Please, fix the case of Opentelemety -> OpenTelemetry to make it consistent with the summary text.

ggiguash · 2025-03-06T11:40:26Z

test/suites/optional/observability.robot

+    [Documentation]    The service starts after MicroShift starts and thus will start generating pertinant log data
+    ...    right away. When the suite is executed, immediately get the cursor for the current
+    Setup Suite
+    ${cur}    Get Journal Cursor


Should we specify a unit here?
There seems to be a race condition here. Since we're testing a new unit, should we not just parse the logs from the beginning after we get enough lines there?

The missing unit was an oversight on my part. Fixed now. I don't understand what you mean about the race condition though. Can you elaborate?

test/suites/optional/observability.robot

assets/optional/observability/02-cluster-role.yaml

ggiguash · 2025-03-19T09:24:25Z

packaging/observability/opentelemetry-collector.yaml

+# workload resource usage for CPU, Memory, Disk, and Network. Included also are all cluster events of "Warning" type.
+
+# This configuration exports:
+# - Contain, Pod, and Node metrics


What is "Contain"?

oops, lost and er there :D

packaging/observability/opentelemetry-collector.yaml

packaging/rpm/microshift.spec

ggiguash · 2025-03-19T09:29:33Z

packaging/rpm/microshift.spec

+%dir %{_prefix}/lib/microshift/manifests.d/003-microshift-observability
+%dir %{_sharedstatedir}/microshift-observability
+%{_unitdir}/microshift-observability.service
+%{_presetdir}/90-enable-microshift-observability.preset


Why do we need this preset?

If the observability rpm were installed without the preset, then it's disabled by default and systemctl enable microshift command doesn't propagate to dependencies. That, coupled with the service settings RequiredBy=microshift.service, means that microshift itself can't start without the user manually enabling the observability service.

This way, the user isn't required to manage the service, as it's handled automatically.

What about the other way around? When microshift+observability are installed, microshift is disabled, but observability enabled by default. So, the observability service will fail on reboot.

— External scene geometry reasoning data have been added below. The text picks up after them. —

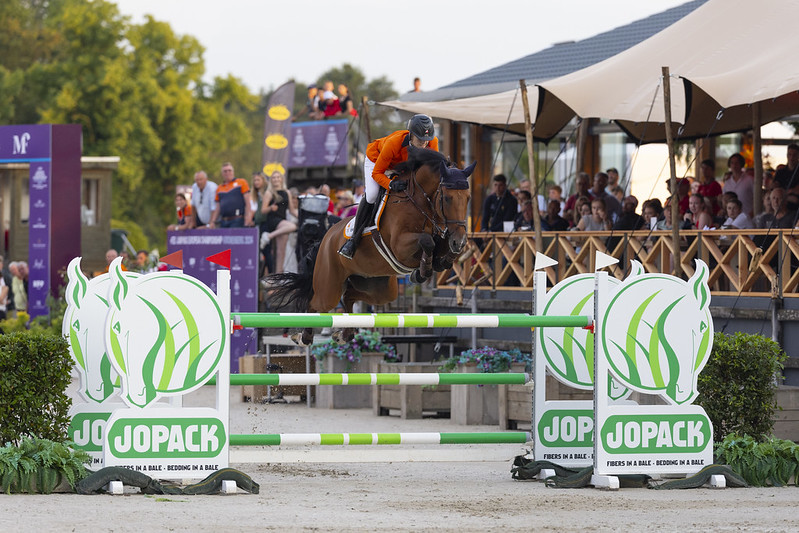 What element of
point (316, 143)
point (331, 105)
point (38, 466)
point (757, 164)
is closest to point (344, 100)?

We already have the following in the observability unit configuration.
Isn't it enough to couple service start / stop?

[Unit] PartOf=microshift.service After=microshift.service

Isn't it enough to couple service start / stop?

Well, no. In order for the RequiredBy= directive to take effect, the service must be enabled. But as you said, if it's enabled, then after a reboot it would start and enter a fail loop. This is fixed by applying the After=microshift.service.

So the .preset file + the RequiredBy= is what activates the dependency. The After= ensures that the service doesn't start until microshift is active. PartOf= propagates stops/restarts of the microshift service to the observability service.

But I think in the end this ended up being a long walk to accomplishing (basically) the same thing as adding microshift-observability to the microshift.service's Wants= directive.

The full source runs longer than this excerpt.